Task instructions:
Would you retype, word for word, the line with "Produktbild von DomoDomo" and each line after it to the end of the entries below, leaving the pictures out?

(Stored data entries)

□ □ □

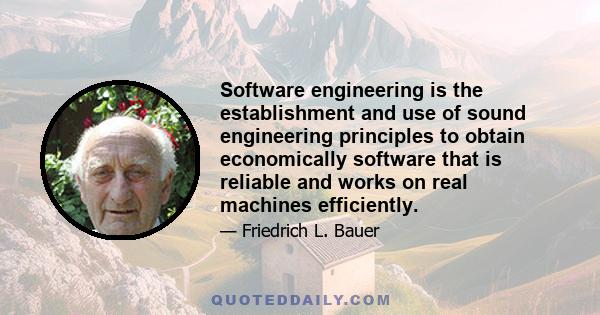 Software engineering is the establishment and use of sound engineering principles to obtain economically software that is reliable and works on real machines efficiently.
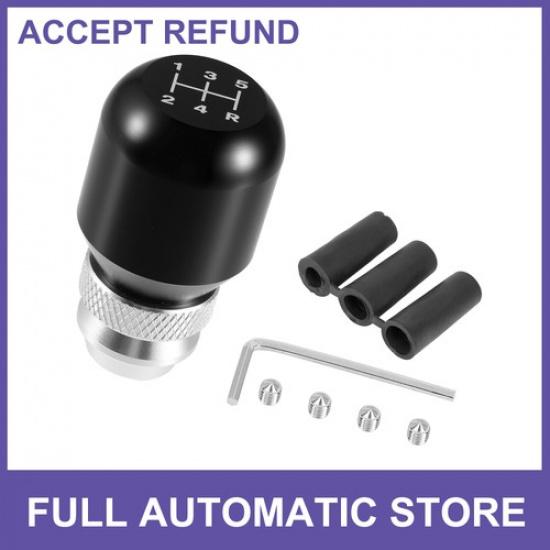 Single 5 Speed Car Adjustable Gear Shift Knob Aluminum Alloy Universal Black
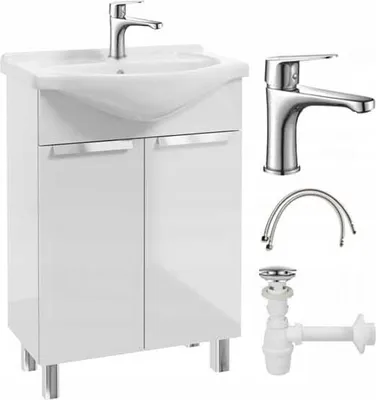 Produktbild von DomoDomo waschbecken mit unterschrank 60 x 85 x 43,5 cm -waschtisch mit unterschrank, gäste wc 60 cm weiß, waschtischarmatur, Siphon, klick klack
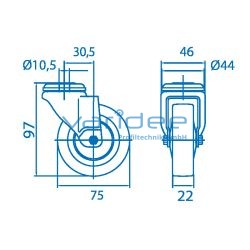 Lenkrolle D75, schwarz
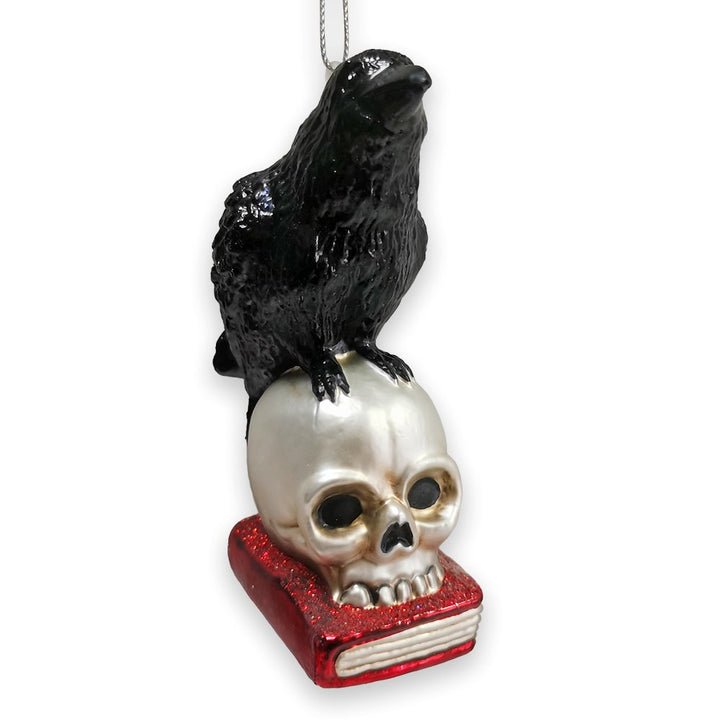 Raven on Skull and Book Glass Ornament, Horror Edgar Allan Poe Decoration Glass Ornament OrnamentallyYou 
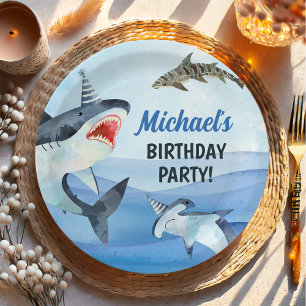 Assiettes En Carton Jawsome Requin sous la mer Anniversaire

□ □ □

Expected answer:
 Produktbild von DomoDomo waschbecken mit unterschrank 60 x 85 x 43,5 cm -waschtisch mit unterschrank, gäste wc 60 cm weiß, waschtischarmatur, Siphon, klick klack
 Lenkrolle D75, schwarz
 Raven on Skull and Book Glass Ornament, Horror Edgar Allan Poe Decoration Glass Ornament OrnamentallyYou 
 Assiettes En Carton Jawsome Requin sous la mer Anniversaire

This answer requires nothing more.